▶ [DESCRIPTION OF THE TASK]
If a line in the listing carries the word "online", return a copy of that line.
--- START ---
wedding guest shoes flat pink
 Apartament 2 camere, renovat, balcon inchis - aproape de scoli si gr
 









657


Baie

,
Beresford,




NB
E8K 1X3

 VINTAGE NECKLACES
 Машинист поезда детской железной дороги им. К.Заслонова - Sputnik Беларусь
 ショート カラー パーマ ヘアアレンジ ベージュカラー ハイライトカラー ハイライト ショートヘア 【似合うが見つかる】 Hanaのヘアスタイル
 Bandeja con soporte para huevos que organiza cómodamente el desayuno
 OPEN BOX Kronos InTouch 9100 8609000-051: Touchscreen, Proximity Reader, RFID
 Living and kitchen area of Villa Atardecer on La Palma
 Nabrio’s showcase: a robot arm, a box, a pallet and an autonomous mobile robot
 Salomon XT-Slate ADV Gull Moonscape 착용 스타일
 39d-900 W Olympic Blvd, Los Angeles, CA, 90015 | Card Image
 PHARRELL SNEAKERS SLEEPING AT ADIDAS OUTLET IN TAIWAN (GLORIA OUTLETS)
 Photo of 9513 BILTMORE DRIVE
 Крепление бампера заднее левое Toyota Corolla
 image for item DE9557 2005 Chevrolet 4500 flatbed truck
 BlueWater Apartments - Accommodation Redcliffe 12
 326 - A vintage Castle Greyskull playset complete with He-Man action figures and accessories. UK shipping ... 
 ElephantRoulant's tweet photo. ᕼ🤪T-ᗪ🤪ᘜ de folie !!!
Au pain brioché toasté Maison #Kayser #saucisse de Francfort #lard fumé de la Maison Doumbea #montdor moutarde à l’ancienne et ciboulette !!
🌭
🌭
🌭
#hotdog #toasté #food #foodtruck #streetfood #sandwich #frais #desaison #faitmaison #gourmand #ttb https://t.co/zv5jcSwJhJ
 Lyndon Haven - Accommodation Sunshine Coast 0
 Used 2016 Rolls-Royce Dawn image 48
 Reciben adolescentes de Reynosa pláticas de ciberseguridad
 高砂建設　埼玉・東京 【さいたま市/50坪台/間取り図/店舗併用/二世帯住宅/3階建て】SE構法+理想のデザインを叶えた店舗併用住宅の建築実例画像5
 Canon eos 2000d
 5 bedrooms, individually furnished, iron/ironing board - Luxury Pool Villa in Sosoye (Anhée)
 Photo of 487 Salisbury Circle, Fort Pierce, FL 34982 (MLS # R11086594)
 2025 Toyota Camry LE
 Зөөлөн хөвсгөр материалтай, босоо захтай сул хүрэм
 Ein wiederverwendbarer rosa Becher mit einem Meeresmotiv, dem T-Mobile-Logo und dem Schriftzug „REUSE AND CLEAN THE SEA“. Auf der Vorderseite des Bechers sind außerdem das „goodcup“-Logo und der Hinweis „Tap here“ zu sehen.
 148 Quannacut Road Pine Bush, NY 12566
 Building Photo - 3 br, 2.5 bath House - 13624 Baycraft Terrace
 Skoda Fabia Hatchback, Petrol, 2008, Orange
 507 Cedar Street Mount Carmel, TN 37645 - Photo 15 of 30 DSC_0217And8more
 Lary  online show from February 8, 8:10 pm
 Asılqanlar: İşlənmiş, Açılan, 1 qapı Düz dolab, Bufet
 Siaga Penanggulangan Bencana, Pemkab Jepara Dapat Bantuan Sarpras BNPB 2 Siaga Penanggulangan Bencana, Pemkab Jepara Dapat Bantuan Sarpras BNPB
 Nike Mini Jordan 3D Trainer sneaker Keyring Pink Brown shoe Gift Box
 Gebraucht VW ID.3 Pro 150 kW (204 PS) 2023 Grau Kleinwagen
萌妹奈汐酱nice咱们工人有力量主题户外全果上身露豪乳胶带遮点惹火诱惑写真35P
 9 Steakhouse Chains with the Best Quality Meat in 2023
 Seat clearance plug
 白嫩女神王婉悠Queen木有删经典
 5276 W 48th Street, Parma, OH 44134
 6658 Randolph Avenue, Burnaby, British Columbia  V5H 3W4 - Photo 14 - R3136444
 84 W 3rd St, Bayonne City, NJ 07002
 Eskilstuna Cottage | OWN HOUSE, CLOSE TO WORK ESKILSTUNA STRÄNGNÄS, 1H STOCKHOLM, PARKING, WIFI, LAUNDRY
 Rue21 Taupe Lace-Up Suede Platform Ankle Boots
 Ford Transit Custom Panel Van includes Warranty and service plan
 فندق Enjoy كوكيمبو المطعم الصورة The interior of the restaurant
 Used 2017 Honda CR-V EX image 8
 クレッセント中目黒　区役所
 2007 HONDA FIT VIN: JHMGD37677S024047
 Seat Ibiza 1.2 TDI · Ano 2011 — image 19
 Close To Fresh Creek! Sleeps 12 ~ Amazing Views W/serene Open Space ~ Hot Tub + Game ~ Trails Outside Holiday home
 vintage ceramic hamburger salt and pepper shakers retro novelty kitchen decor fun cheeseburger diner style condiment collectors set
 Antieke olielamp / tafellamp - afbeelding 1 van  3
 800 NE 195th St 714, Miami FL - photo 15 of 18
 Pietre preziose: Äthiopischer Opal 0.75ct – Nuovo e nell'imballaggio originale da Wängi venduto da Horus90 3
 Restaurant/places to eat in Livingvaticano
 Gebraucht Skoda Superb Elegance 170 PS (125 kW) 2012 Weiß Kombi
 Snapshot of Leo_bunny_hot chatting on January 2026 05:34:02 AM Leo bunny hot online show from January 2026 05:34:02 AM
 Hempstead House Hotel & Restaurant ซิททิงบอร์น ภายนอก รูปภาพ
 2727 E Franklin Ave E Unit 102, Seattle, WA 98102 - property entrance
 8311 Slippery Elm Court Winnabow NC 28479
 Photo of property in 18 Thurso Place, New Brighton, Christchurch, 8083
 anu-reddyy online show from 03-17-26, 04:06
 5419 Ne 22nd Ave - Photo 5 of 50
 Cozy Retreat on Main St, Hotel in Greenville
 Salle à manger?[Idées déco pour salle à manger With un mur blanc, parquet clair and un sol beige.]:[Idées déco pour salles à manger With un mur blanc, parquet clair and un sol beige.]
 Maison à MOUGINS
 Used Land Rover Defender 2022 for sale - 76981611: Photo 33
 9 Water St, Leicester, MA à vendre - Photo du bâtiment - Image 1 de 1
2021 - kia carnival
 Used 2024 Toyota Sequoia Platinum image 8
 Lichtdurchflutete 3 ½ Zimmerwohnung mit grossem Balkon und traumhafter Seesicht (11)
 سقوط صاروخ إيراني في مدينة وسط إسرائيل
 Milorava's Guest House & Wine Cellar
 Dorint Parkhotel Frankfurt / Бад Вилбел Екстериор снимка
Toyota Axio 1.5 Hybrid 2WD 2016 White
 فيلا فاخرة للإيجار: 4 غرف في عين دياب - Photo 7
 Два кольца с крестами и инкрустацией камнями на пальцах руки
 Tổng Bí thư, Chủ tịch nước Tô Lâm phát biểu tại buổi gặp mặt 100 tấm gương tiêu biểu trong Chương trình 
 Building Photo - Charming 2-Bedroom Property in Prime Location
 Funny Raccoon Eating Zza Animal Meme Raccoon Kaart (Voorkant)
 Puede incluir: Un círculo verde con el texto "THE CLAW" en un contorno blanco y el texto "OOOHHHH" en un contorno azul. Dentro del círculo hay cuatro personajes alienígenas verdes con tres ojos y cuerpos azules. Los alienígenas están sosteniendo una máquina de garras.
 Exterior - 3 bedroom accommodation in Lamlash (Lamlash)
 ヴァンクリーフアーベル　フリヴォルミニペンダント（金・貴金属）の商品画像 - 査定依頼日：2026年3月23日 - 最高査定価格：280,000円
--- END ---
▶ [RESPONSE BELOW]
 Lary  online show from February 8, 8:10 pm
 Snapshot of Leo_bunny_hot chatting on January 2026 05:34:02 AM Leo bunny hot online show from January 2026 05:34:02 AM
 anu-reddyy online show from 03-17-26, 04:06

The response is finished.